Personal professional branding can have a huge significance in the workplace . No matter where you work, in the simplest sense you are a business of one and it’s up to us to sell ourselves.

For better or worse, many influential people in our society have a brand. Kim Kardashian is known for her…assets. Steve Jobs is known for his dedication to personal computing and black turtlenecks. What are you known for? What are your defining actions that people remember you by? Is it visual, or is it how you act? What you do? There is no right or wrong answer when it comes to this type of branding, but it’s better to be conscious and define your brand instead of letting it define you. Choosing your brand through thoughtful reflection is a much more positive experience than having it thrust on you for some misdeed. But even if your brand isn’t currently positive, it can be changed through some strategic actions on your part. And if you don’t feel like you have a brand yet, it’s never too late to get started.

First, develop a design for your professional brand

How do you come up with a professional brand that represents the authentic you, but with room for growth? Mind mapping or creating a vision board is a good place to get started. List out what you feel are your memorable attributes, then add in areas where you want to grow. Be honest. If you only list positive traits then you are missing an opportunity for true self-reflection. You know what you want, who you are, and where you want to go.

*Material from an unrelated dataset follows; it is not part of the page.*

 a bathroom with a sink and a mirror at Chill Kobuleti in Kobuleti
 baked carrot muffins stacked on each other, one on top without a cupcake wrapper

Do you want an executive job that requires long hours in the office, a suit and tie, and formal meetings? Do you want to have a flexible schedule where you can work from home with opportunities to be creative? Is it important that you can keep your purple hair, or wear pj’s to work? Theses are all valid things to think through which will help you design your brand and what services your business of one offers.

Then, develop ways to mold and package your professional brand

Once you understand your personal desires and professional growth trajectory, look at your personal value proposition. What are you offering? Do an environmental scan and determine who your competitors are. If everyone else on your team has a graduate degree and you want a promotion, do you have the skill set to get where you need to go? Again, be honest. We are all hired into a job in on skills that often become outdated. It’s our responsibility to continue to improve our skills to meet the demands of the job, and to continually refine and improve our brand.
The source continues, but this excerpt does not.